Pictures with short captions
=-=-=-=-=

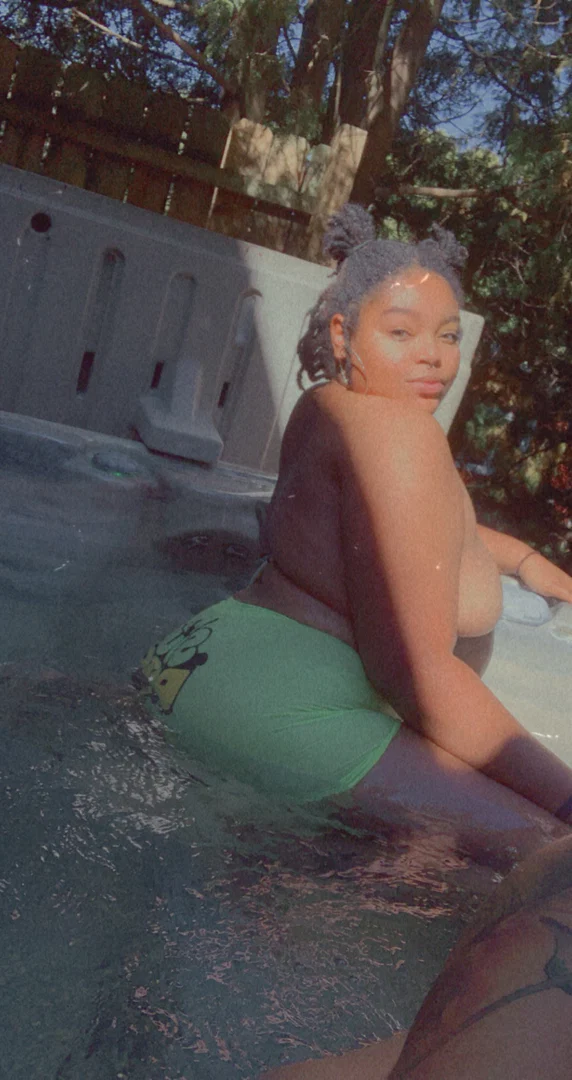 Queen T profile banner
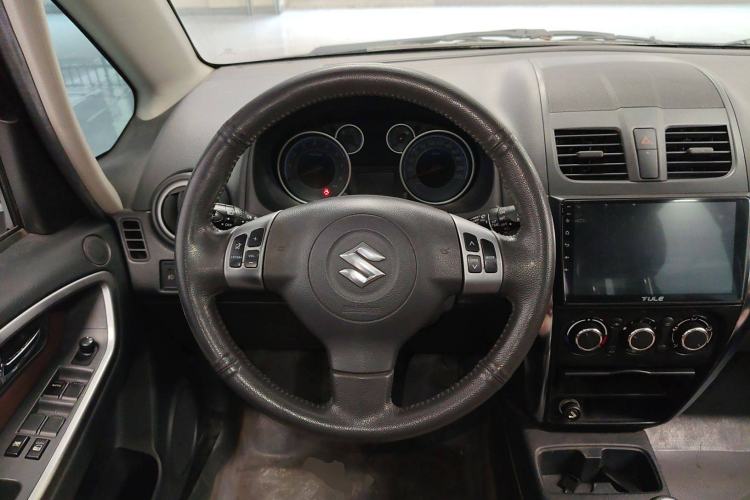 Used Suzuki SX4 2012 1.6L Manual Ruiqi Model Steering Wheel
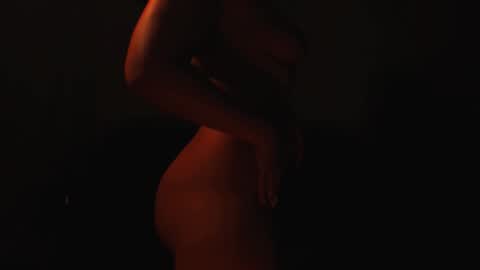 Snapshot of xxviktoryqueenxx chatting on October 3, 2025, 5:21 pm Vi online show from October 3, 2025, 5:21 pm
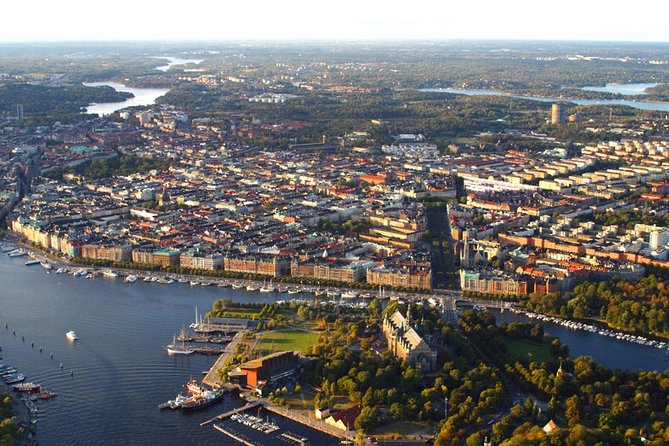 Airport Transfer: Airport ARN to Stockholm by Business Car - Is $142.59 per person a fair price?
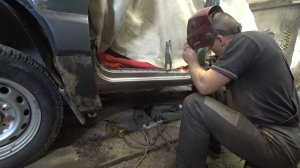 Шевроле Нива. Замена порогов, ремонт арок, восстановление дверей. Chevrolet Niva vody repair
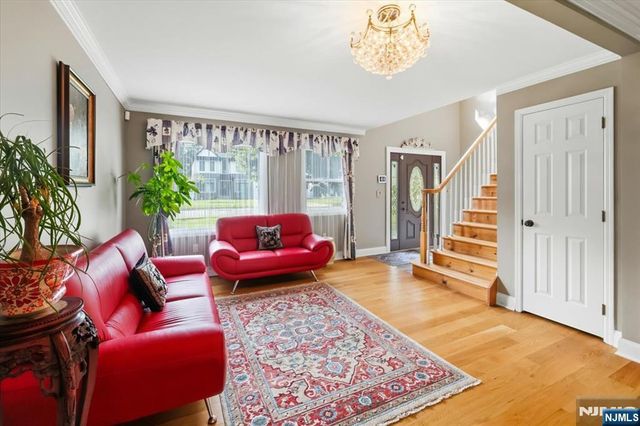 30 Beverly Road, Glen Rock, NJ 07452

=-=-=-=-=

### Task item
Take the entries above and restate them word for word, minus their images.

### Solution below
 Queen T profile banner
 Used Suzuki SX4 2012 1.6L Manual Ruiqi Model Steering Wheel
 Snapshot of xxviktoryqueenxx chatting on October 3, 2025, 5:21 pm Vi online show from October 3, 2025, 5:21 pm
 Airport Transfer: Airport ARN to Stockholm by Business Car - Is $142.59 per person a fair price?
 Шевроле Нива. Замена порогов, ремонт арок, восстановление дверей. Chevrolet Niva vody repair
 30 Beverly Road, Glen Rock, NJ 07452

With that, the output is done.